Cosine Anchor Loss (CAL) for Deep Learning

Updated 13 December 2025

Cosine Anchor Loss (CAL) is a supervised geometric loss that aligns deep features with fixed, unit-norm class anchors using cosine similarity.
It enforces intra-class compactness and inter-class angular separation without extra learnable parameters or margin tuning.
CAL integrates efficiently into training pipelines for classification and deep hashing, achieving competitive performance on benchmarks.

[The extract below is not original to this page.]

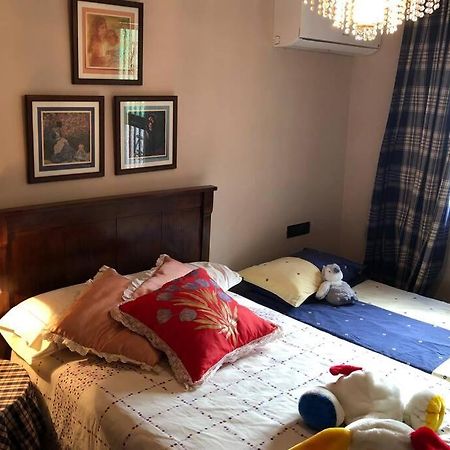 Casa En Granada Con Hermoso Jardin, Parking Calle מראה חיצוני תמונה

Cosine Anchor Loss (CAL) is a supervised geometric loss formulation for deep representation learning, in which each class is associated with a fixed “anchor” vector in feature space, and learning proceeds by aligning network outputs for each sample with the anchor for its class using a cosine similarity objective. CAL has been established as a versatile and effective technique in both classification and deep hashing/regression contexts, providing a unified approach for producing discriminative and quantizable representations with a single loss term (Hao et al., 2018, Hoe et al., 2021).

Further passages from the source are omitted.